Nachdem die im Norden beheimatete Nüzhen-Minorität die zentral gelegenen Ebenen überflutet und Bianlang (das heutige in der Provinz Henan gelegene Kaifeng), die Hauptstadt der Nördlichen Song-Dynastie erobert hatte, musste der Kaiser seine Hauptstadt nach Jiankang (das heutige in der Provinz Jiangsu gelegene Nanjing) im Süden verlegen. Zhao Mingcheng gehörte zum Gefolge des Kaisers und ließ Li Qingzhao zurück, damit sie die kostbare Sammlung behütete. In den Wirren und dem Durcheinander des Krieges wurde Qingzhaos Heimatstadt von Soldaten geplündert und sie musste fliehen. Schließlich erreichte sie Jiankang, wo sie ihren Mann fand. Der Zusammenbruch ihres Landes und die Zerstörung ihres Hauses wirkten sich auf Li stark depressiv aus. Ihre Gedichte wurde härter und satyrischer. In einem berühmt gewordenen Gedicht sagt sie, sie wäre zu Lebzeiten ein Held gewesen und im Tode würde sie ein Held bleiben. Sie verspottete den dümmlichen Kaiser und den Adel. Doch dann wurde Zhao Mingcheng krank und starb und Li Qingzhao musste ihre großen Sorgen fern von zuhause allein tragen. Dies war ihr schlimmster Lebensabschnitt. Die ersten drei Zeilen eines ihrer späteren Gedichte werfen ein Schlaglicht auf ihre damaligen tiefen Sorgen:

Heimweh,

Kälte und Eintönigkeit,

Verlassen, verzweifelt, niedergeschlagen.

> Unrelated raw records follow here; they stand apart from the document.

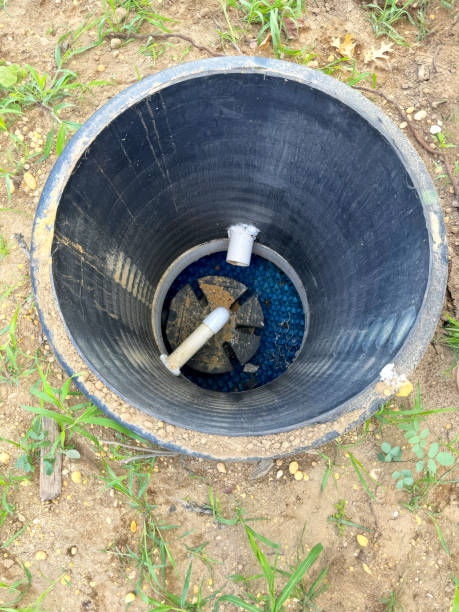 istock Connecting supply pump to a artesian water well 2162606918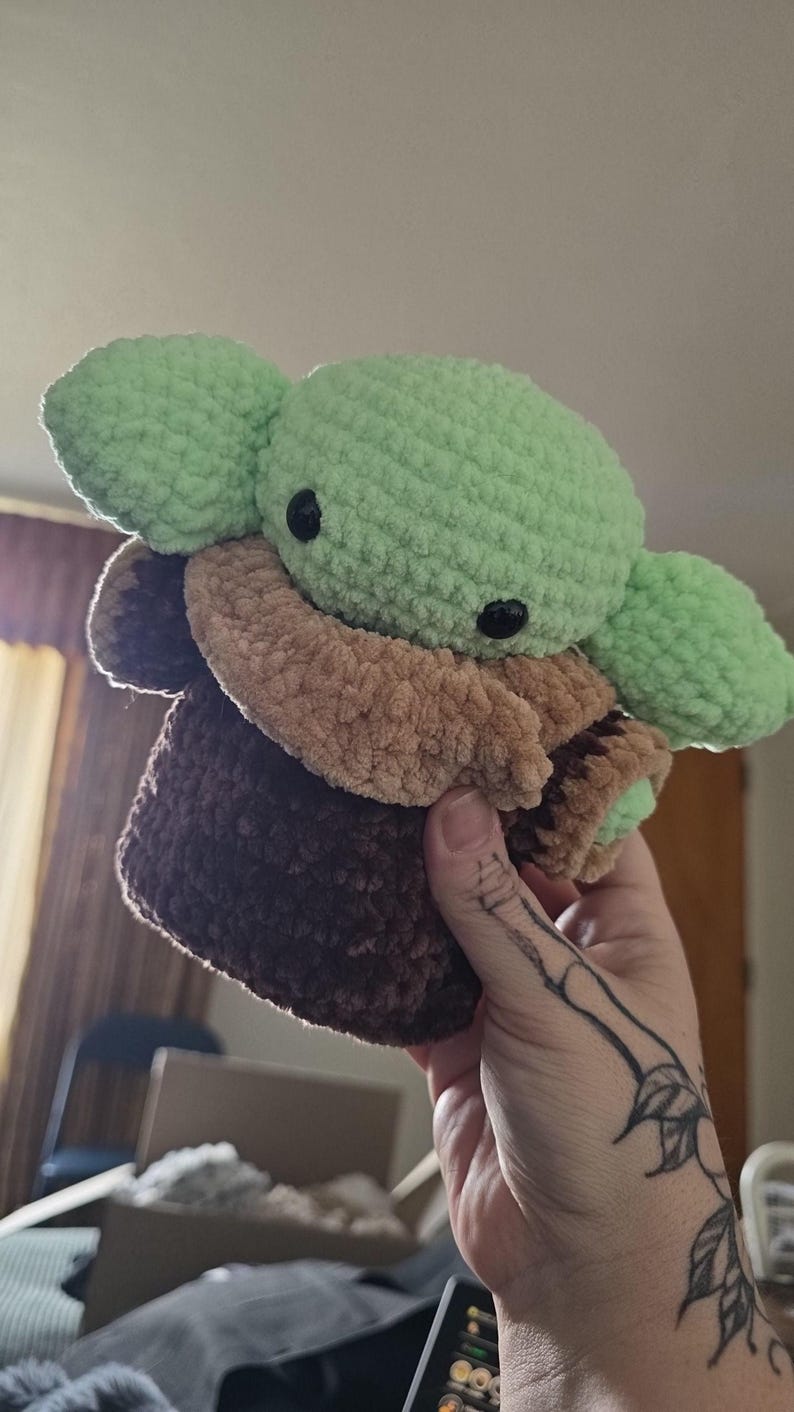 Puede incluir: Un peluche de ganchillo que representa a un personaje popular. El juguete tiene una cabeza y orejas de color verde claro, ojos negros y un atuendo marr&oacute;n y beige. El peluche est&aacute; hecho de un hilo suave y texturizado.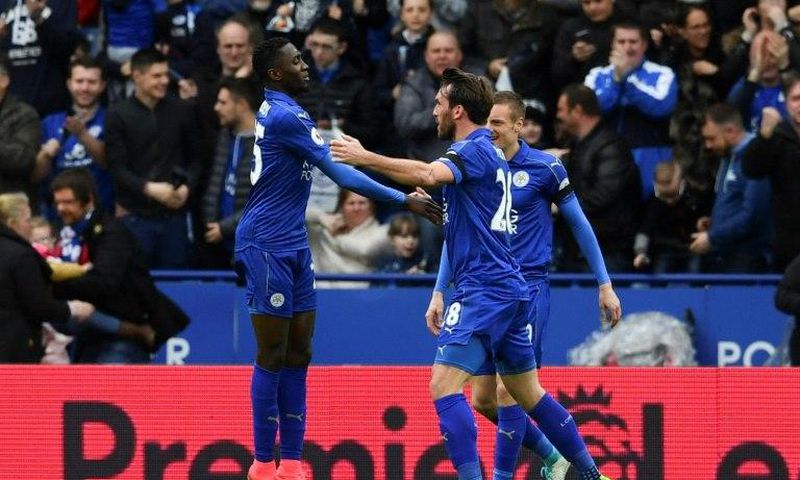 Leicester City's Wilfred Ndidi (L) celebrates scoring their opening goal against Stoke City at King Power Stadium in Leicester, central England on April 1, 2017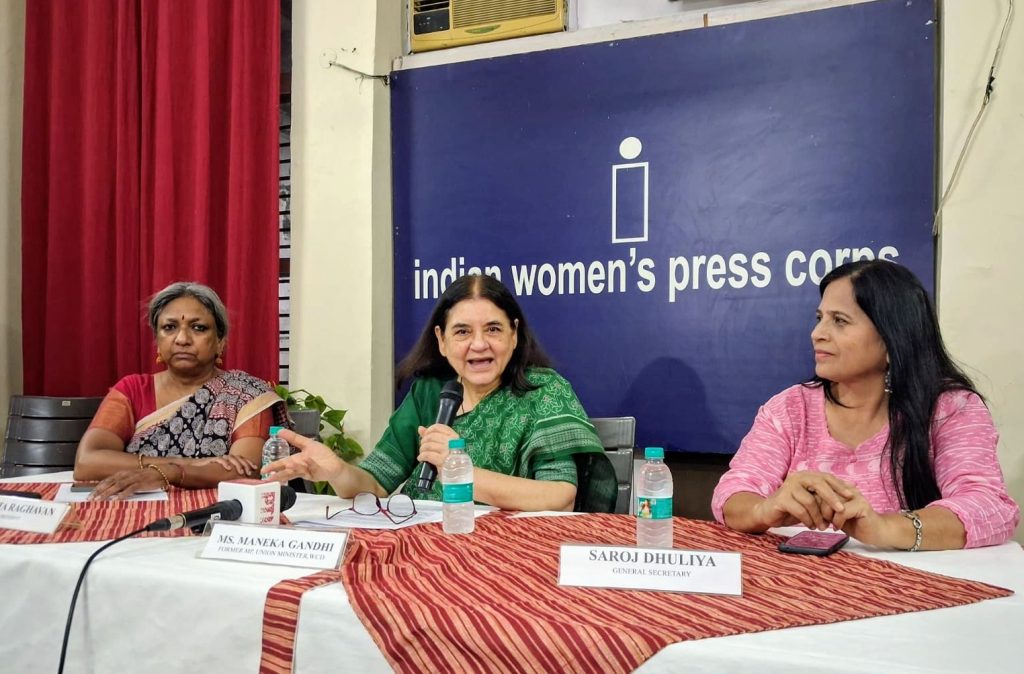 menka gandhi | No. 1 Indian Media News Portal Panel of three women seated at a press conference table with microphones, in front of a blue backdrop reading 'indian women's press corps'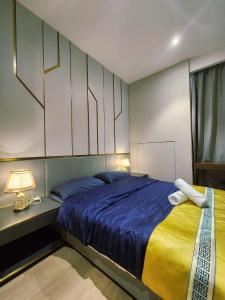 Ένα ή περισσότερα κρεβάτια σε δωμάτιο στο Hill10 ICity Homestay by Define Suite 344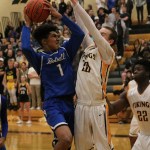 Bothell junior Da&rsquo;Vicious Wilson (1) challenges Inglemoor&rsquo;s Jack Weyer (20) at the rim during Friday&rsquo;s game at Inglemoor High School. JOHN WILLIAM HOWARD/Bothell-Kenmore Reporter
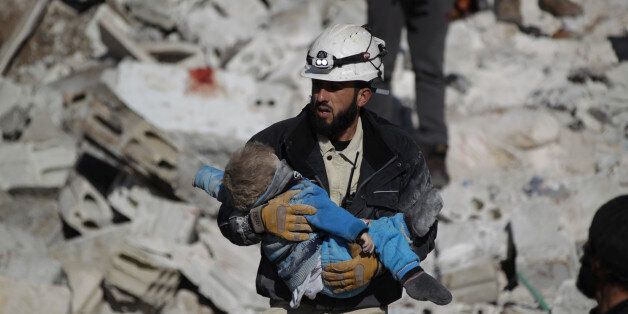 QUALITY REPEAT ATTENTION EDITORS - VISUAL COVERAGE OF SCENES OF DEATH AND INJURY A civil defence member carries a dead child in a site hit by what activists said were air strikes carried out by the Russian air force in the rebel-controlled area of Maaret al-Numan town in Idlib province, Syria January 9, 2016. REUTERS/Khalil Ashawi/File Photo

Lis Leben geriet nun vom Schlechten zu noch tieferem Elend. Das meiste der von ihrem Mann und ihr in lebenslangen Mühen zusammengetragenen Sammlung war gestohlen, oder in den Kriegswirren verloren gegangen. Einmal übernachtete Li in einem Landhaus und verstaute ihre Sachen unter dem Bett. Ein Dieb brach ein Loch in die Hauswand und entwendete fünf Kisten mit kalligraphischen Werken. Der Dieb wurde zwar später gefasst, doch die Kunstwerke waren unwiederbringlich bereits an Würdenträger des Hofes verkauft worden.

Lis später Lebensabend

Ihr Lebensabend stand ebenfalls unter einem schlechten Stern. Eine Zeit lang war sie von ihrem Bruder abhängig und später heiratete sie einen unehrlichen Menschen, der eigentlich nur hinter ihrer Sammlung her war. Die Geschichte gibt keinen Aufschluss über ihr Leben nach Vollendung des fünfzigsten Lebensjahres und es ist nicht genau bekannt, wann und wo sie starb. Sechs Gruppen ihrer Gedichte sind jedoch der Nachwelt überliefert geblieben. Aus den von ihr tief beklagten Wirren ihres Landes, sowie aus ihren persönlichen Ängsten schöpfte sie die Kraft, Verse voll Schönheit und Stärke zu schreiben, die ihren Namen unsterblich machen sollten.